Which is why I find it interesting that none of the court cases (as far as I’m aware) are challenging whether an LLM is copying anything in the first place. Granted, that’s the plaintiff’s job to prove, but there’s no need to raise a fair use defense at all if no copying occurred.

frog 🐸@beehaw.org · 1 year ago

The one use I’ve found for using AI is getting it to prompt me. I’d found myself between stories, unable to settle on an idea, but I had a rough idea of the kind of thing I was looking for, mostly determined by going down human-made prompts and going “nope, nope, nope, that’s crap, that’s boring, that’s idiotic, nope… FFS why isn’t there anything with X, Y, and Z?”

So off I went to ChatGPT and said “give me a writing prompt with X, Y, and Z”. What I got were some ideas that were okay, in that my response to them was more “okay, yeah, that’s better than the output of r/WritingPrompts, but that plotline is still pretty derivative. Meh.”

And then something happened a couple days later. Something clicked and an actual good idea came to me, one that I felt was actually worth developing further.

I absolutely would not want ChatGPT to do any writing for me. Not only would the end results be really derivative, but that’s just not any fun.
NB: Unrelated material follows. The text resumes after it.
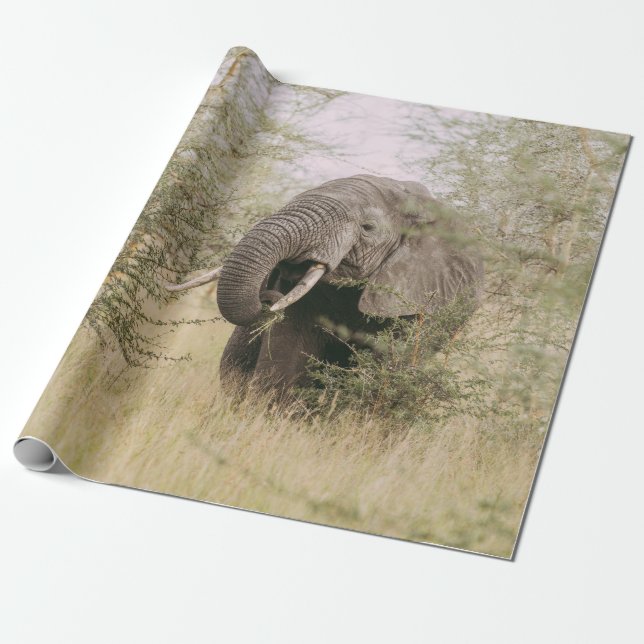 PAPEL DE PRESENTE ELEFANTE COMENDO DE UMA ÁRVORE (Desenrolado)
But there was definitely something useful in the process of asking it to echo X, Y, and Z at me so that I could refine my own ideas.

Beej Jorgensen@lemmy.sdf.org · 1 year ago

I also struggle to see how authors are actually harmed by this use, which might be problematic for them in court.

Hot Saucerman · edit-2 1 year ago

So a tool that will be used to phase out human writers and will further devalue their pay was trained on the writing of the people whose work it will devalue… And you don’t see how it will hurt human writers or why they might be upset that they’ll lose their job/get paid less compared to a machine that copies their past work??

AI use is literally a sticking point in the Hollywood writers strike. Hollywood already wants to devalue writers with these tools. This isn’t hypothetical. It is literally weaponizing their own labor against them.

Beej Jorgensen@lemmy.sdf.org · 1 year ago

I’m talking about using copyrighted material to train AI; you’re talking about using AI to replace authors, which is a separate, related issue.

If someone uses Stephen King’s books to train an AI, how many sales of those books are lost? Because it kinda looks like “zero” since the AI isn’t replacing those books.

blindsight@beehaw.org · 1 year ago

I think it’s two sides of the same point; the downstream effect of LLMs is devaluing writing, and it’s trained on copyrighted works.

So, for instance, if you train a LLM on everything written by Stephen King, then ask the LLM to generate stories “in the style of Stephen King”, then you could potentially create verbatim text from his books (probabilistically, it’s bound to happen with the way LLM chains words) and/or create books similar enough to his style to be direct competition to his writing.

It’s up to the courts to decide if that argument has any legal weight, and legislators (and the public voting for them) to decide if the laws should change.

And, based on the mess that is Bill C18 in Canada, I have absolutely no confidence in new copyright laws having a lick of sense.

Beej Jorgensen@lemmy.sdf.org · 1 year ago

If it generates verbatim output, then we have a good old copyright violation, which courts could latch onto for standing.

But if I hire people to write books in the style of Stephen King and then train an AI with them, where’s King’s recourse?

And the AI could be trained on public domain data and still be a competitor to authors. It seems like the plaintiffs would have to be equally against this usage if they’re worried about their jobs.

But in those two cases, I don’t think any laws are broken.

I just think, aside from a plain old piracy violation, it’s going to be a tricky one in court. Sure you can’t just copy the book, but running a copy of a book through an algorithm is tougher to ban, and it’s not something that necessarily should be illegal.